EXERCISE OBJECTIVE =>
Without any of its pictures, the listing below should be output exactly.

DATA EXTRACT =>
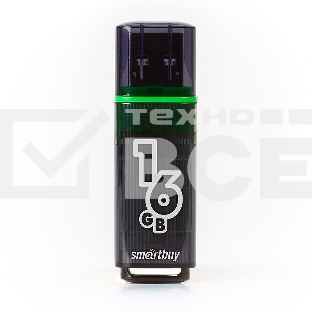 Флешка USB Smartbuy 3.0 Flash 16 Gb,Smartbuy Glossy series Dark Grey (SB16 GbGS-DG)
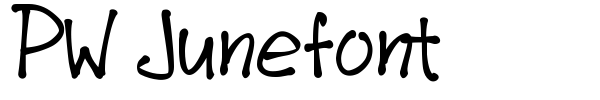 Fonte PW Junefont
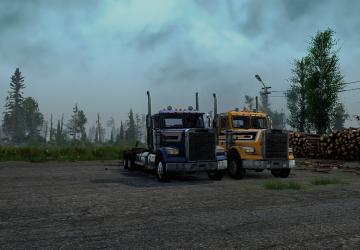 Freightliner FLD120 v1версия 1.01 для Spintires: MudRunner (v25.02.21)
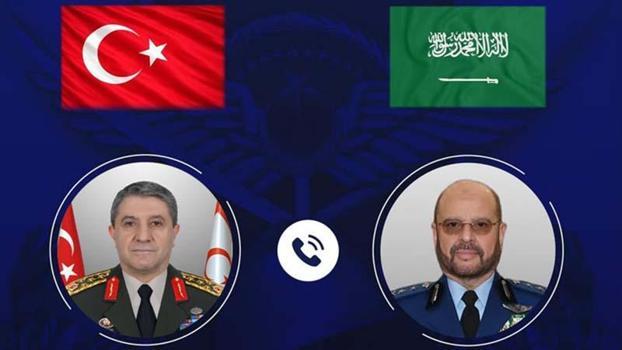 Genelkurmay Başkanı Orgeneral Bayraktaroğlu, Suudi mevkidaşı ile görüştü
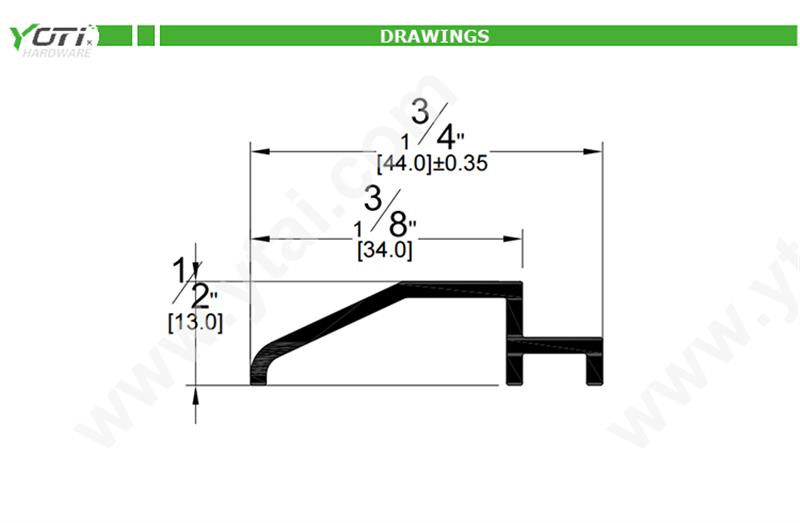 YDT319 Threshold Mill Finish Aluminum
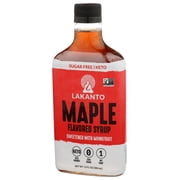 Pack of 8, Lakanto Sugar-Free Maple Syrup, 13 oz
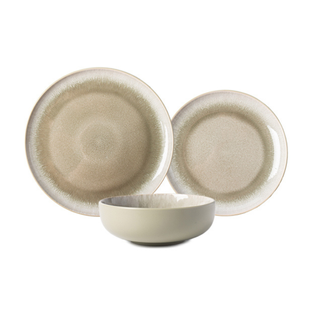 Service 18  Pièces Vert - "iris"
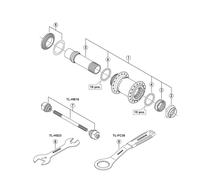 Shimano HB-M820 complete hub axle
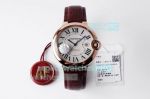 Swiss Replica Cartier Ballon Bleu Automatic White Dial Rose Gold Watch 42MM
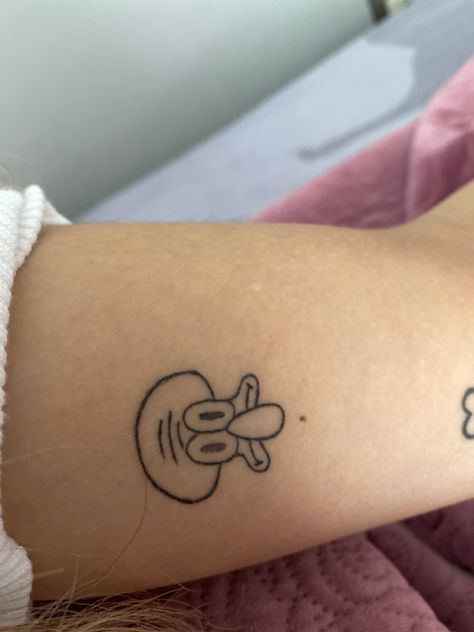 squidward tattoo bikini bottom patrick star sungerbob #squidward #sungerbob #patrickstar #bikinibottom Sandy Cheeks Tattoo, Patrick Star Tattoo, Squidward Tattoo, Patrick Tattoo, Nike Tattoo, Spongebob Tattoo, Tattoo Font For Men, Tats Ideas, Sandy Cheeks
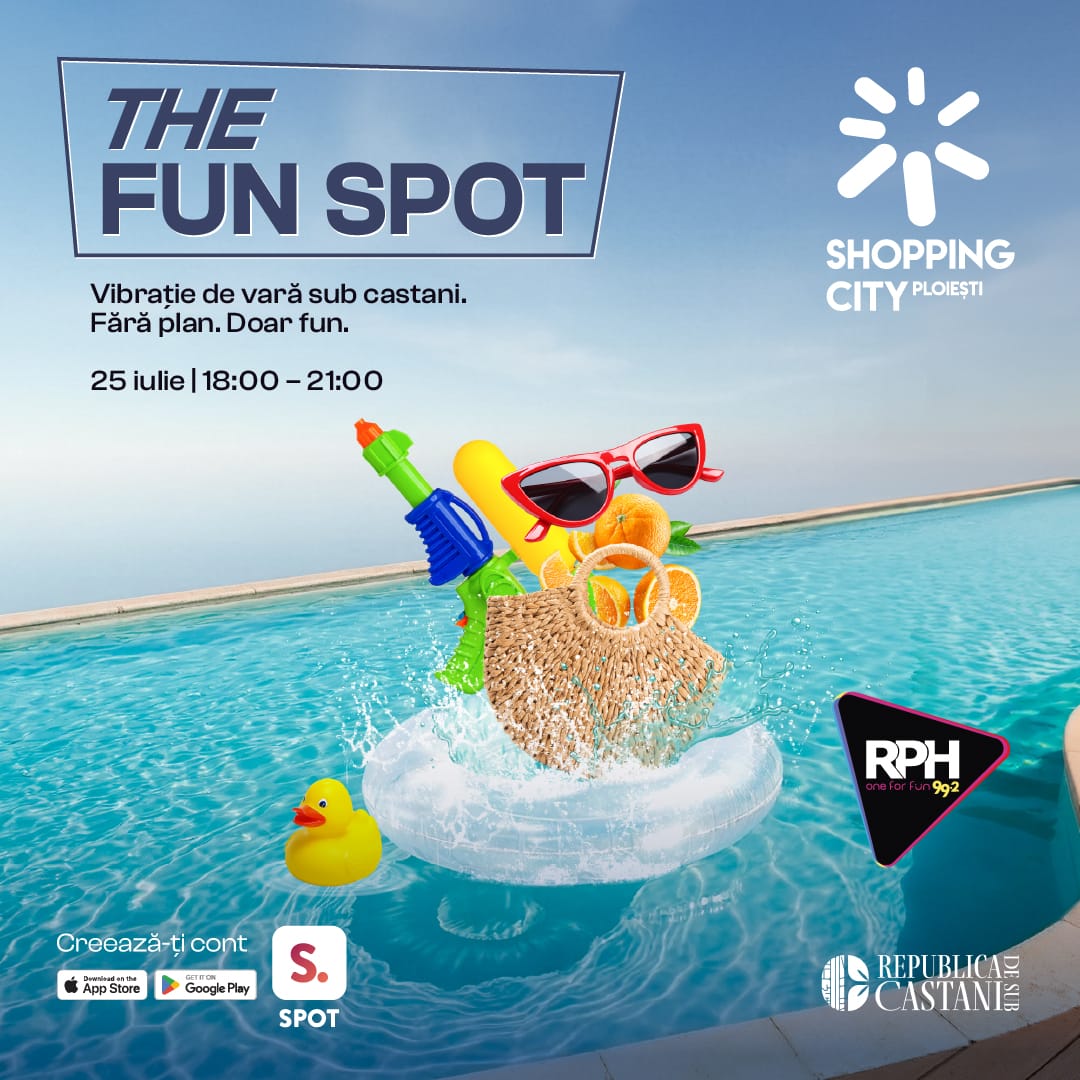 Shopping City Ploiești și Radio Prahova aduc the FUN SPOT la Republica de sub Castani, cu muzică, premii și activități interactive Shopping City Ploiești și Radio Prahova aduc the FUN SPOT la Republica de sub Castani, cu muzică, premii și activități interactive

OUTPUT FOR THIS EXERCISE =>
 Флешка USB Smartbuy 3.0 Flash 16 Gb,Smartbuy Glossy series Dark Grey (SB16 GbGS-DG)
 Fonte PW Junefont
 Freightliner FLD120 v1версия 1.01 для Spintires: MudRunner (v25.02.21)
 Genelkurmay Başkanı Orgeneral Bayraktaroğlu, Suudi mevkidaşı ile görüştü
 YDT319 Threshold Mill Finish Aluminum
 Pack of 8, Lakanto Sugar-Free Maple Syrup, 13 oz
 Service 18  Pièces Vert - "iris"
 Shimano HB-M820 complete hub axle
 Swiss Replica Cartier Ballon Bleu Automatic White Dial Rose Gold Watch 42MM
 squidward tattoo bikini bottom patrick star sungerbob #squidward #sungerbob #patrickstar #bikinibottom Sandy Cheeks Tattoo, Patrick Star Tattoo, Squidward Tattoo, Patrick Tattoo, Nike Tattoo, Spongebob Tattoo, Tattoo Font For Men, Tats Ideas, Sandy Cheeks
 Shopping City Ploiești și Radio Prahova aduc the FUN SPOT la Republica de sub Castani, cu muzică, premii și activități interactive Shopping City Ploiești și Radio Prahova aduc the FUN SPOT la Republica de sub Castani, cu muzică, premii și activități interactive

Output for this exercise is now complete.